Berhubung dengan itu saudara­saudara, maka aksi untuk meruntuhkan imperialisme itu haruslah terdiri dari gabungan semuanya yang kecil ini. Di India bisa dipergunakan kekuatan dari kaum borjuis dan middenstand. Di Amerika kekuatan dari borjuis dan middenstand, yang bisa mengadakan satu Angkatan Perang. Saudara tahu bagaimana di Amerika permulaan revolusi itu? Yaitu di waktu beberapa orang pedagang teh melemparkan tehnya di dalam laut oleh karena impor teh harus membayar pajak. Itulah meletusnya revolusi di Amerika, ialah membuang teh di dalam laut, yang dimulai oleh kaum pengusaha. Di India gerakan nasional bertulang punggung kepada kaum borjuasi nasional. Kita tidak. Kita tidak mempunyai borjuasi nasional. Sudah tidak mempunyai.

Dulu di dalam abad ke­16, 17, 18 kita mempunyai borjuasi nasional yang bisa selfsupporting di atas lapangan tekstil misalnya, tetapi di dalam abad ke­20 akhir 19 tidak ada kelas borjuasi nasional ini.

Dus gerakan melawan imperialisme itu adalah gerakan daripada segala golongan yang kecil. Sifatnya sudah lain, saudarasaudara. Di sana borjuasi nasional yang menunggangi rakyat jelata, di Indonesia tidak bisa berjalan yang demikian itu. Di Indonesia gerakan nasionalnya ialah gerakan daripada rakyat jelata tok. di dalam segala macam. Ambtenar­ ambtenar kecil duduk di dalamnya. Dari pihak pengusaha­pengusaha ada duduk di dalamnya, tapi kecil. Semuanya kecil.

Gerakan Sarikat Islam misalnya, Sarikat Dagang Islam yang diadakan mula­mula oleh Kiai Samanhudi, di dalam tahun 1910 begitu setelah Budi Utomo, yah, Sarikat Dagang Islam ya pedagang­pedagang yang kecil bukan pedagang­pedagang seperti Tata, seperti Birla, seperti Nehru. Bapaknya Nehru itu bukan pedagang tetapi advokat besar yang mempunyai andil di dalam beberapa perusahaan. Sarikat Dagang Islarn pun, saudara­ saudara, gerakan daripada pedagang kecil bahkan yang kemudian diubah menjadi Sarikat Islam yang bukan saja pedagang yang masuk di dalamnya tetapi tani kecil, buruh kecil, semuanya yang kecil masuk di dalamnya. Ini yang menjadi kekuatan kita, siap di seluruh Indonesia, golongan kecil, ya buruh, ya tani, ya pegawai, ya daripada pihak pedagang, ya nelayan, ya kusir, ya tukang bengkel, ya semuanya, kita himpun kekuatannya.

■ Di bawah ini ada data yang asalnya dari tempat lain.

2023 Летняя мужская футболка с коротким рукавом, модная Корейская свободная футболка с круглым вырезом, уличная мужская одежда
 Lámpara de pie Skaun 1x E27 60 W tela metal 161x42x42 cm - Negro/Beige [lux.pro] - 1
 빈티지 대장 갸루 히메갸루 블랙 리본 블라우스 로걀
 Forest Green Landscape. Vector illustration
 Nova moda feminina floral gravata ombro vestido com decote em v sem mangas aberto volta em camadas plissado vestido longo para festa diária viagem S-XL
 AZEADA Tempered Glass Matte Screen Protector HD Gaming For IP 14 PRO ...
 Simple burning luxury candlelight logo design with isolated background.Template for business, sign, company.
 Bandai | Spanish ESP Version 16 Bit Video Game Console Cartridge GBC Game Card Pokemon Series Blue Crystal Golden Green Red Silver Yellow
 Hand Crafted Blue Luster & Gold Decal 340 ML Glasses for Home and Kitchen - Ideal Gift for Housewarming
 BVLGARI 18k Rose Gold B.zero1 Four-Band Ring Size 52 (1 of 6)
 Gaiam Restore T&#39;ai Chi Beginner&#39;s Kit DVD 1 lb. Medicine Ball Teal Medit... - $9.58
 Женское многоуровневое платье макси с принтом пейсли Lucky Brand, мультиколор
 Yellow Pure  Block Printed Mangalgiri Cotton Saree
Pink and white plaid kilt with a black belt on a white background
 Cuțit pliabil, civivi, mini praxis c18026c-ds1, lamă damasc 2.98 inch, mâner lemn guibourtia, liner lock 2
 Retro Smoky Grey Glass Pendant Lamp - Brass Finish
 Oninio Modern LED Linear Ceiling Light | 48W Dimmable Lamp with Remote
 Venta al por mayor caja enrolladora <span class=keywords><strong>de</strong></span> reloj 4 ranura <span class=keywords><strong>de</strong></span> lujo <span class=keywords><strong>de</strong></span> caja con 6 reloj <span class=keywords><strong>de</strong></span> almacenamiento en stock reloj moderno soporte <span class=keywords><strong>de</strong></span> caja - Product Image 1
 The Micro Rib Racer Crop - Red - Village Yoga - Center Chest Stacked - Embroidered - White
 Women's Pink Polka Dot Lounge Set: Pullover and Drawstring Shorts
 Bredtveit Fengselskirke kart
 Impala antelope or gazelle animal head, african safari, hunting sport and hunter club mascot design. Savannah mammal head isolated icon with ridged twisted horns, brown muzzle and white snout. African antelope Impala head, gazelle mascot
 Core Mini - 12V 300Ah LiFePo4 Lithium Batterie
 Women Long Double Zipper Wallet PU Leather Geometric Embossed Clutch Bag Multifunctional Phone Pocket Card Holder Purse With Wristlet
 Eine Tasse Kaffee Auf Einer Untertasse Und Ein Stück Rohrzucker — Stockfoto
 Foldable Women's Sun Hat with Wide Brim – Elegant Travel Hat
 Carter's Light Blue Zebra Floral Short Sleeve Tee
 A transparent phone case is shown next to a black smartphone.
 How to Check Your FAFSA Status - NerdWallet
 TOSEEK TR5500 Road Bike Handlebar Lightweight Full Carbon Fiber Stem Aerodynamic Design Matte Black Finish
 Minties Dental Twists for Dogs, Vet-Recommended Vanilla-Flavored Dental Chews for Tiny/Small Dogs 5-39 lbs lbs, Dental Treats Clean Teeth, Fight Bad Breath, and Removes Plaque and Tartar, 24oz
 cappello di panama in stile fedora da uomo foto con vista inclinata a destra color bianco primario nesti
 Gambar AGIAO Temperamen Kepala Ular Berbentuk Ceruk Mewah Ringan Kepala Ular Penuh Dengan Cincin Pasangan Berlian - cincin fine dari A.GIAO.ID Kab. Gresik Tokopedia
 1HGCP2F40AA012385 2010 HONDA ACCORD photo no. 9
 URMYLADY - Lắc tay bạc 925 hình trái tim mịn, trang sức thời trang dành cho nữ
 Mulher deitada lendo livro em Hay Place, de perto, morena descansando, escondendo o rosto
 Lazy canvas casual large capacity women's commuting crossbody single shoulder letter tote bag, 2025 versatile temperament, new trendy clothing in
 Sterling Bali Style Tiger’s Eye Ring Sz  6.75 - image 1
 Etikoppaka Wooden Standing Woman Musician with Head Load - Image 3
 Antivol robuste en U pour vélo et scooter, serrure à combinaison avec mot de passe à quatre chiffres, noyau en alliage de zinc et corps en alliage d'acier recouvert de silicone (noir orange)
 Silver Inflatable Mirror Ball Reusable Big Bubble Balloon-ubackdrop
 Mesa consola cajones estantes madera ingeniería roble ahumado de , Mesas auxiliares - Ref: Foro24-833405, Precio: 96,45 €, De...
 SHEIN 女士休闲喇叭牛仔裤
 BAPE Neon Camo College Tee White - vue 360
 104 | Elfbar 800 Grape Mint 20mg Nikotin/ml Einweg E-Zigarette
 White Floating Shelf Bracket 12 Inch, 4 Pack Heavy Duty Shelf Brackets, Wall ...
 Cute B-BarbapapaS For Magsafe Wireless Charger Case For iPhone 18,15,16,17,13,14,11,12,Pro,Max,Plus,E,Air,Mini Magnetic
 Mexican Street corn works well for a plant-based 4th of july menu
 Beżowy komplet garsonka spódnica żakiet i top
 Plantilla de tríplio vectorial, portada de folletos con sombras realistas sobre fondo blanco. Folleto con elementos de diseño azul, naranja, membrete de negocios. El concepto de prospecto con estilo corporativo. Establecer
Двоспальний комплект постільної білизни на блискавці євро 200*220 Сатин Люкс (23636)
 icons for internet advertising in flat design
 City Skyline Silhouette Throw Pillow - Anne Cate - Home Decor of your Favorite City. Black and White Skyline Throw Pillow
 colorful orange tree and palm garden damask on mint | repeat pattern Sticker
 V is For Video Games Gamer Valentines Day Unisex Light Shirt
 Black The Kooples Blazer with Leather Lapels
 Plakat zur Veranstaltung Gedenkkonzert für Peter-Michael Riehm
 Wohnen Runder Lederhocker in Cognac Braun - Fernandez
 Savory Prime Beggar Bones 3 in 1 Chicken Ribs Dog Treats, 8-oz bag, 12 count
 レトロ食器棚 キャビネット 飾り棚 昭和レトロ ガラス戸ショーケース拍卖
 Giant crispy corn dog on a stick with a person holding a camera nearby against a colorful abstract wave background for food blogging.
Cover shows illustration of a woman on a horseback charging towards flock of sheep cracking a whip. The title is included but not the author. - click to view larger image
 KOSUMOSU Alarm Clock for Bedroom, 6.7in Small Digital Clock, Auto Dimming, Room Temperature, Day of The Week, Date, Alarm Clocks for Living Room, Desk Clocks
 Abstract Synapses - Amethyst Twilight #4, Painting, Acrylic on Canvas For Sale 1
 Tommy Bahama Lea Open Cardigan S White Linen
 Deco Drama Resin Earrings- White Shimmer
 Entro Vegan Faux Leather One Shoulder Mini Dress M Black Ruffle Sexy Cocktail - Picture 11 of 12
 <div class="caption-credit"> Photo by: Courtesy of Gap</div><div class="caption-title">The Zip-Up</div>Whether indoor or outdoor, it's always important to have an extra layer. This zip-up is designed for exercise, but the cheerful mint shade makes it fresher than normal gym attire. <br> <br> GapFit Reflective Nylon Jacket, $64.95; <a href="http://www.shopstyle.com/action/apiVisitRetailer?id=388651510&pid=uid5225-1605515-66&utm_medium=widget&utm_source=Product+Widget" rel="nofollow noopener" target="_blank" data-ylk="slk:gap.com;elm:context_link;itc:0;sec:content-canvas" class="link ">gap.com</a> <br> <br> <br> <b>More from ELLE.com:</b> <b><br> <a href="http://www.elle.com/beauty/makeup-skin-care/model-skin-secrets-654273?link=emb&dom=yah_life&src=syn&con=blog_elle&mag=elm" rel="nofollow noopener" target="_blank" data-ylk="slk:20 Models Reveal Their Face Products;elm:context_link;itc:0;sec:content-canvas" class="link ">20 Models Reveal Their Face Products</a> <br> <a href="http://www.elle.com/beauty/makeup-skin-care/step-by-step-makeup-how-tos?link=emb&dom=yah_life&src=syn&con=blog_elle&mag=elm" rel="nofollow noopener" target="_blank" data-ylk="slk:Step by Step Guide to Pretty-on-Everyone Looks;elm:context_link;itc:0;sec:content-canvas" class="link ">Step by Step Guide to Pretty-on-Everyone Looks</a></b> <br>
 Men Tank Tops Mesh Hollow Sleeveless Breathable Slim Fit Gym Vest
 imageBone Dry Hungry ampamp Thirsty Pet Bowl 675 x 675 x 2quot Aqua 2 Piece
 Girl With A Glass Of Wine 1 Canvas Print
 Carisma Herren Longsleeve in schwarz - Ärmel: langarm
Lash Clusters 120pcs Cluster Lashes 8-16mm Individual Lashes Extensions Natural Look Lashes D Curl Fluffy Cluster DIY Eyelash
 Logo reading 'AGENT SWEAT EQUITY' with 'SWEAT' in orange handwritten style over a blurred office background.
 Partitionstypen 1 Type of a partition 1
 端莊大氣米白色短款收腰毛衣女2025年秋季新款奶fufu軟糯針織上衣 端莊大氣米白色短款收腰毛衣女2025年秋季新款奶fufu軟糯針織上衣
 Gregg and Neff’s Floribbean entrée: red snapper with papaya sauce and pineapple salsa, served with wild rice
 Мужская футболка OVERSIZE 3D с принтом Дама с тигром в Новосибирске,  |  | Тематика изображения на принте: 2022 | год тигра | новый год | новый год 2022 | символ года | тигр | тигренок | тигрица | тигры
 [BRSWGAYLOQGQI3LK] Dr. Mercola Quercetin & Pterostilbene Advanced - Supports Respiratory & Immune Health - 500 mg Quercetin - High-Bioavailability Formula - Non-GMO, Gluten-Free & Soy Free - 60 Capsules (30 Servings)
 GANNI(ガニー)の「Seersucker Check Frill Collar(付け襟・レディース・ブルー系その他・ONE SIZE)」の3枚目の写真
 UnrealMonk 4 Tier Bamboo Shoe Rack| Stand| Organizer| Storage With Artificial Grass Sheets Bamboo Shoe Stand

Dus, kita perlukan bagi menangnya gerakan kita satu hikmat persatuan. Kita menghadapi soal ini, saudara­saudara, bagai­mana bisa menumbangkan imperialisme. Yah, kita harus bisa bersatu, mempersatukan tenaganya yang kecil ini, ya tenaganya kaum buruh, ya tenaganya kaum tani, tenaga kaum buruh untuk menghadapi industri­ industri daripada finanz­kapital itu, tenaga­tenaga kaum tani kita butuhkan untuk menentang perkebunan­perkebunan baik di tanah datar maupun di pegunungan, kita butuh­ kan segenap tenaga daripada rakyat Indonesia.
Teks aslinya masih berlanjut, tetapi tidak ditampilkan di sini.